◆ **What you need to do**
Omit all pictures. Quote the lines from the one with "Vampiric Fury [Foundations Jumpstart] Supply" through the end of the listing below, exactly as they appear.

◆ **Available data**
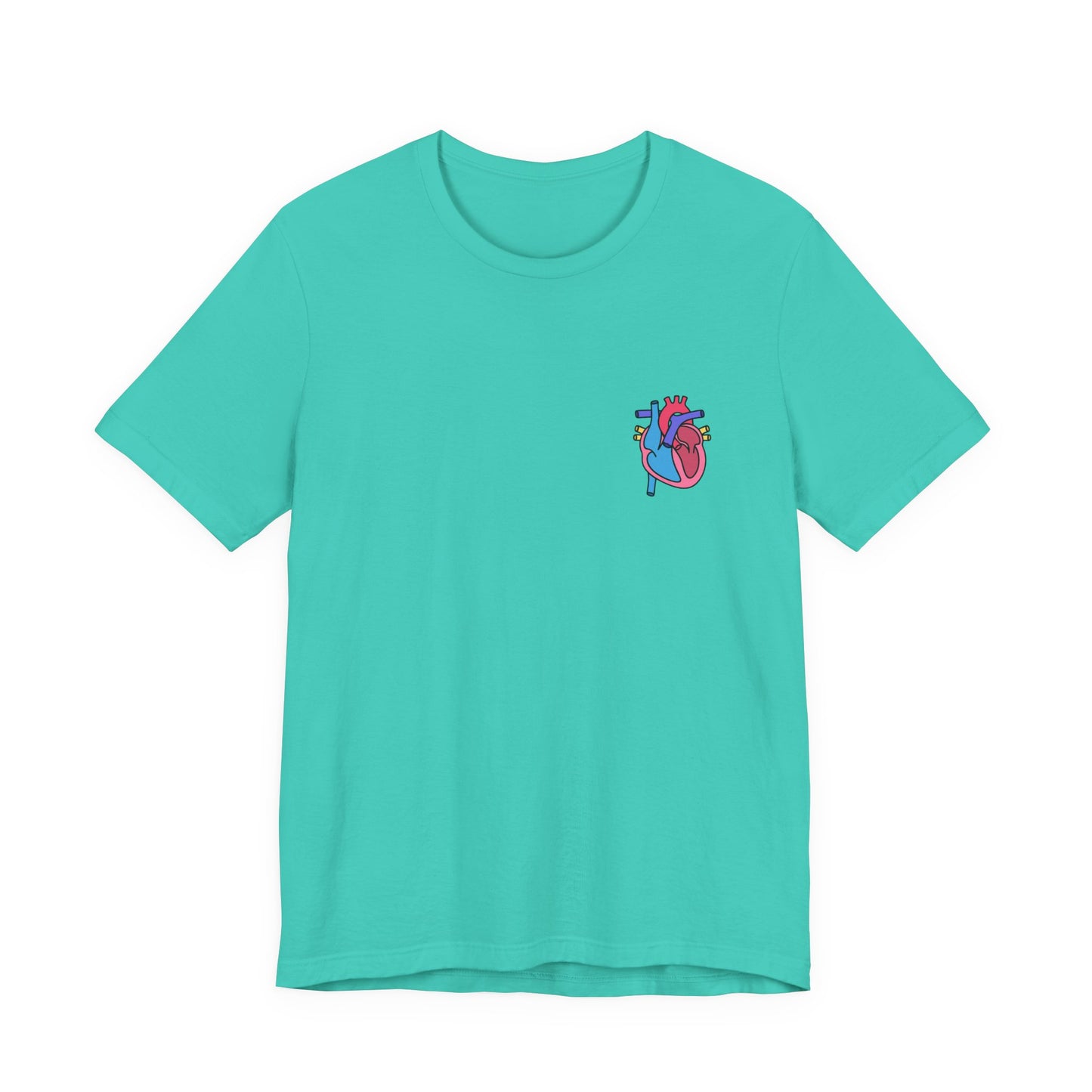 Anatomical Heart Graphic Tee — Welsh Labeled Heart Diagram T-Shirt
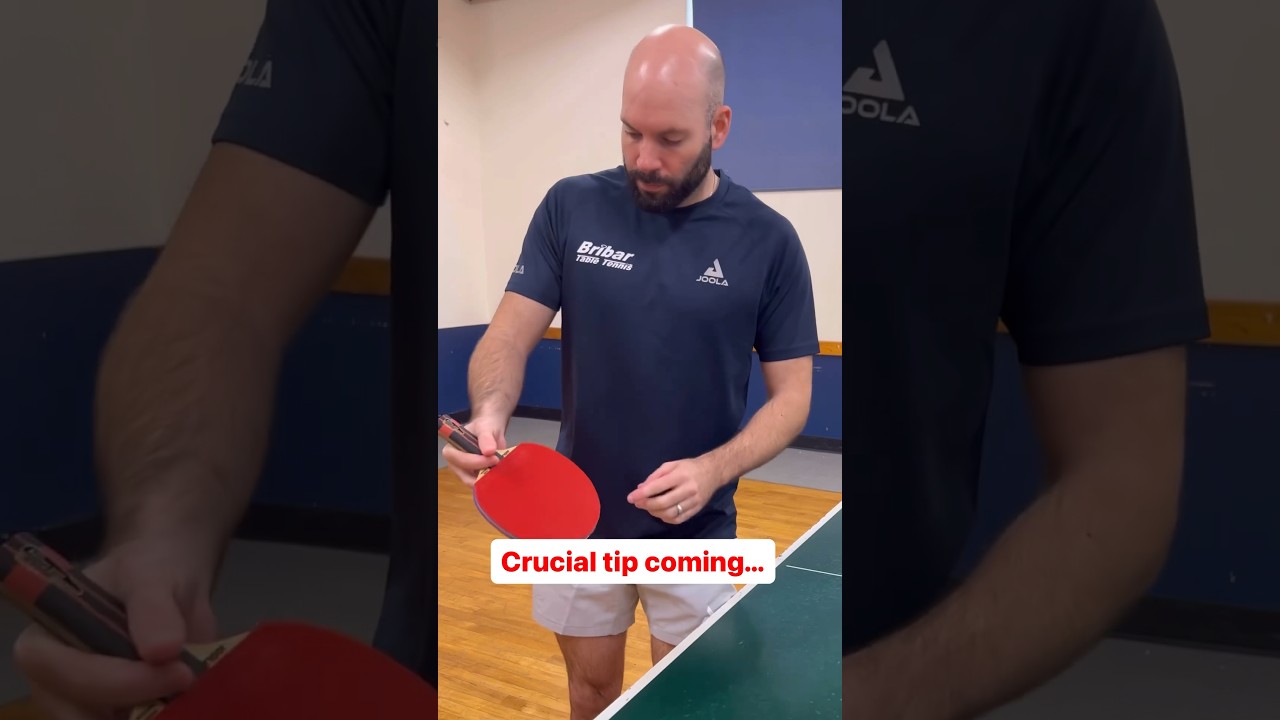 Penhold Reverse Pendulum Serve Tip #Serve #TableTennis #PingPong #Coaching #Learn #Joola #Bribar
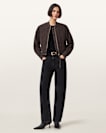 Orten Suede Bomber Jacket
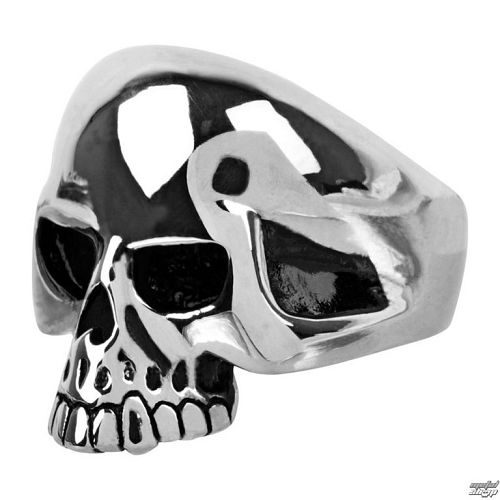 prsteň INOX - skull w/teethout - FR1047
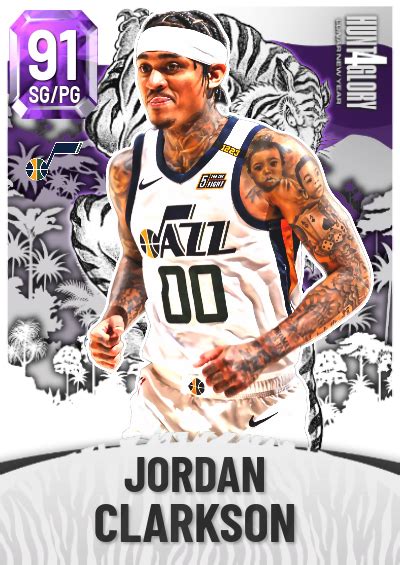 NBA 2K22 2KDB Custom Card Jordan Clarkson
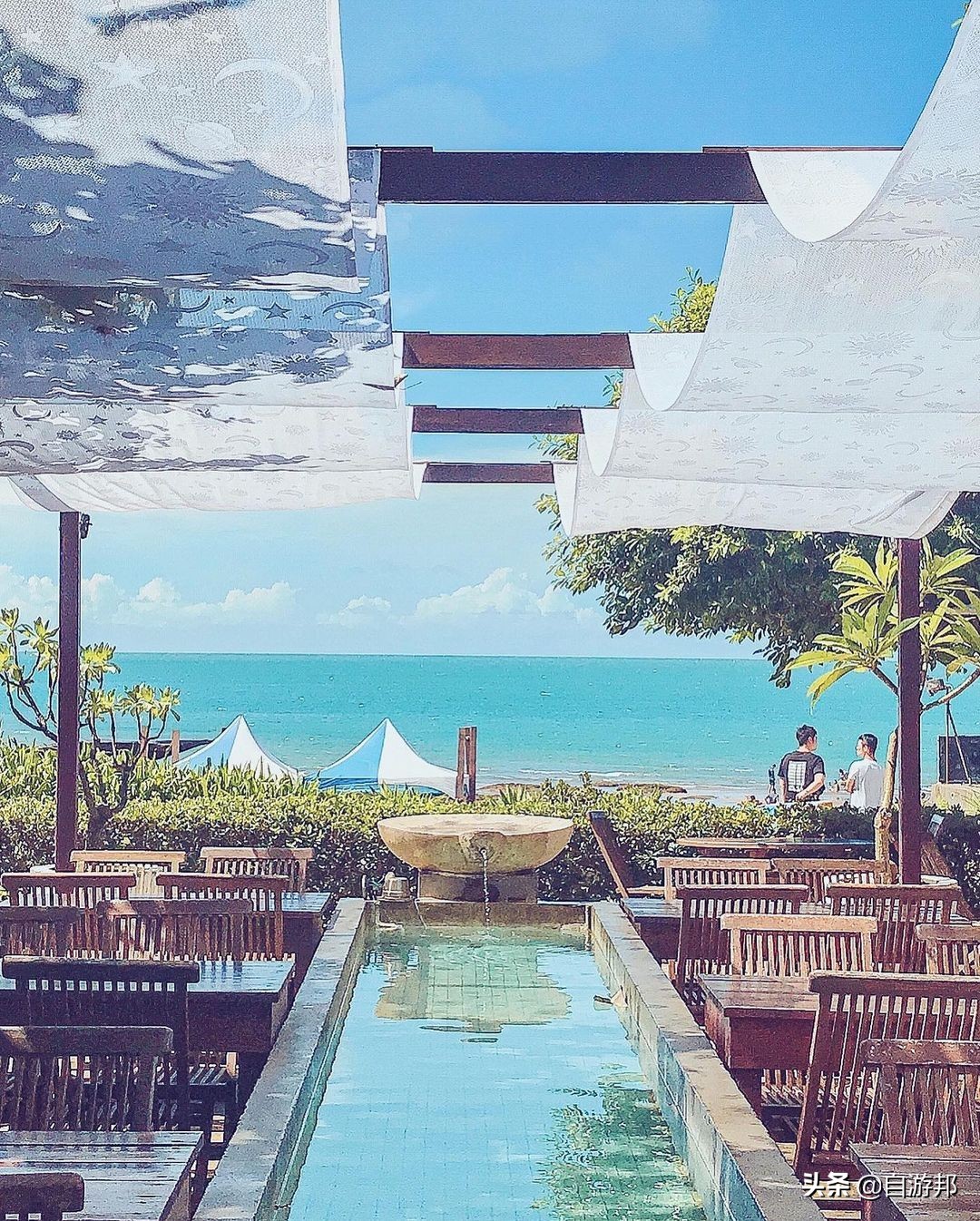 超级治愈美丽的海岸线咖啡厅,台湾小资咖啡馆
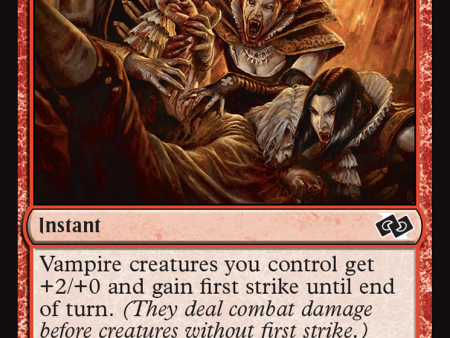 Vampiric Fury [Foundations Jumpstart] Supply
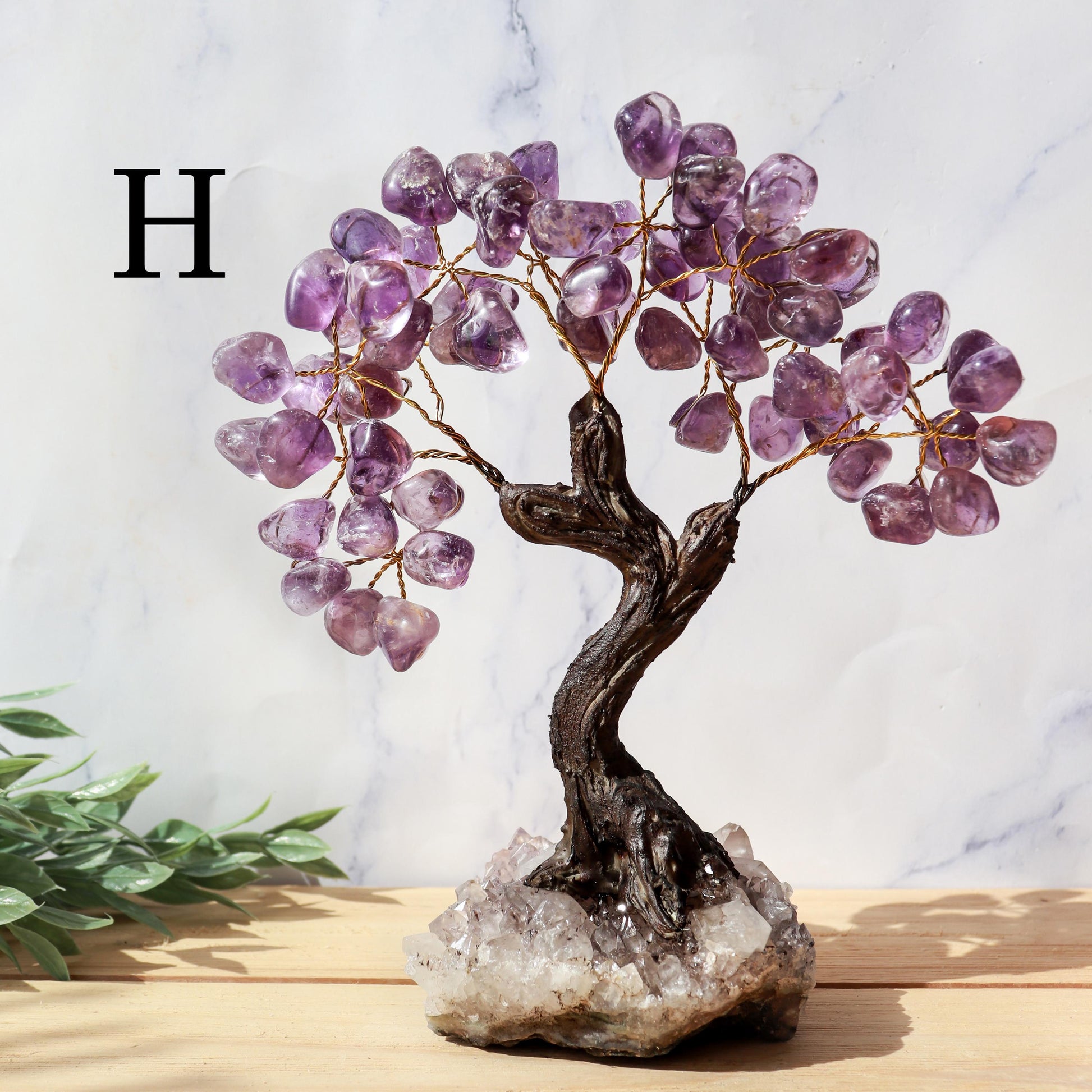 Amethyst Gemstone Tree on Amethyst Base, Anxiety Relief, Tree of Life, Crystal Bonsai Tree, Ethically Sourced Crystals, PICK YOUR OWN!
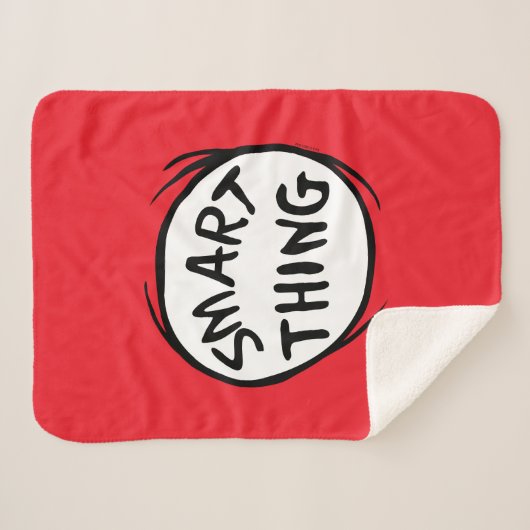 Dr. Seuss | Ding één Ding Twee - Slim Ding Sherpa Deken (Voorkant (horizontaal))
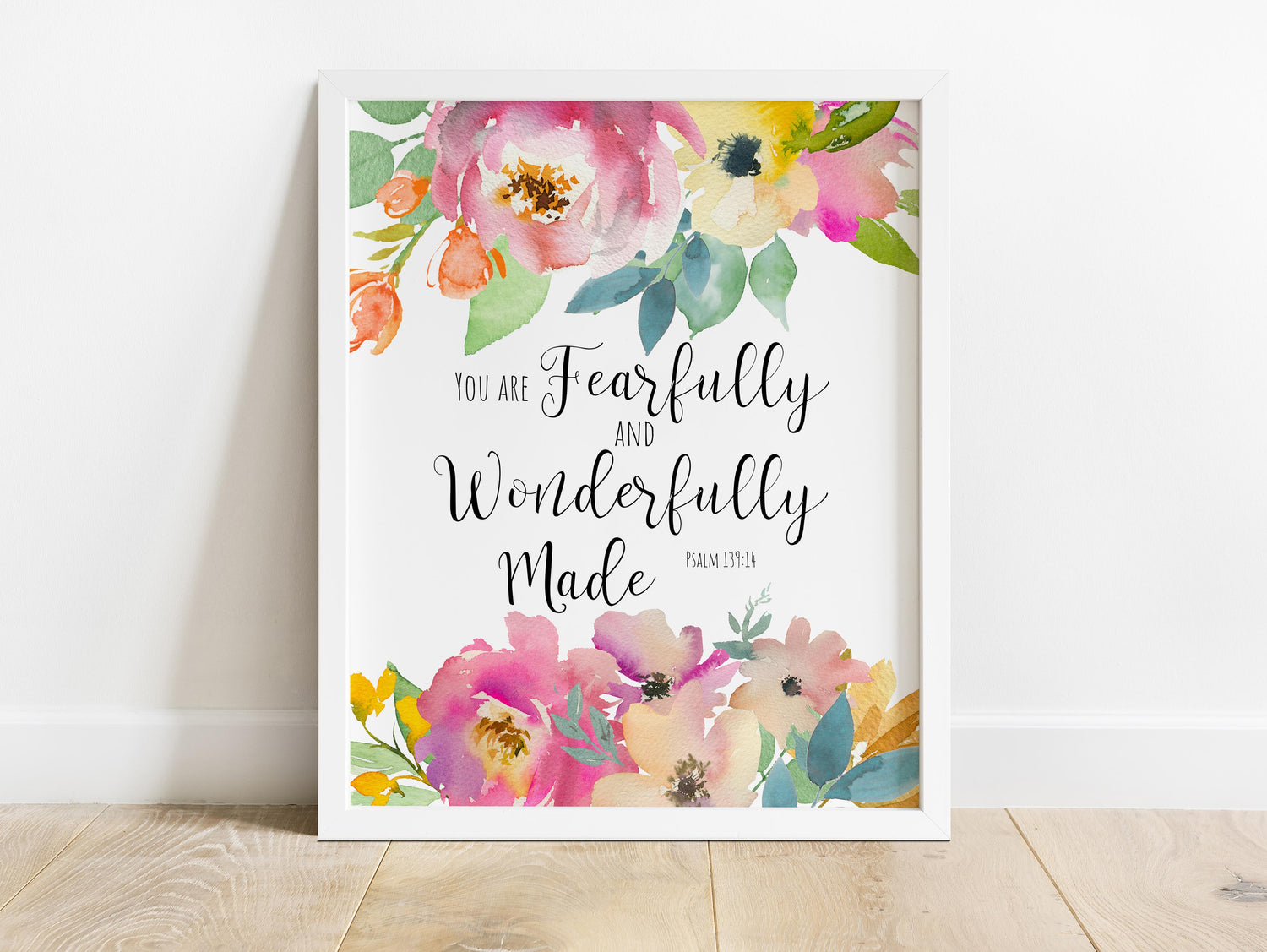 Psalm 139 4, You are fearfully and Wonderfully Made, modern christian art, bible verse wall art uk, modern bible verse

◆ **Response**
 Vampiric Fury [Foundations Jumpstart] Supply
 Amethyst Gemstone Tree on Amethyst Base, Anxiety Relief, Tree of Life, Crystal Bonsai Tree, Ethically Sourced Crystals, PICK YOUR OWN!
 Dr. Seuss | Ding één Ding Twee - Slim Ding Sherpa Deken (Voorkant (horizontaal))
 Psalm 139 4, You are fearfully and Wonderfully Made, modern christian art, bible verse wall art uk, modern bible verse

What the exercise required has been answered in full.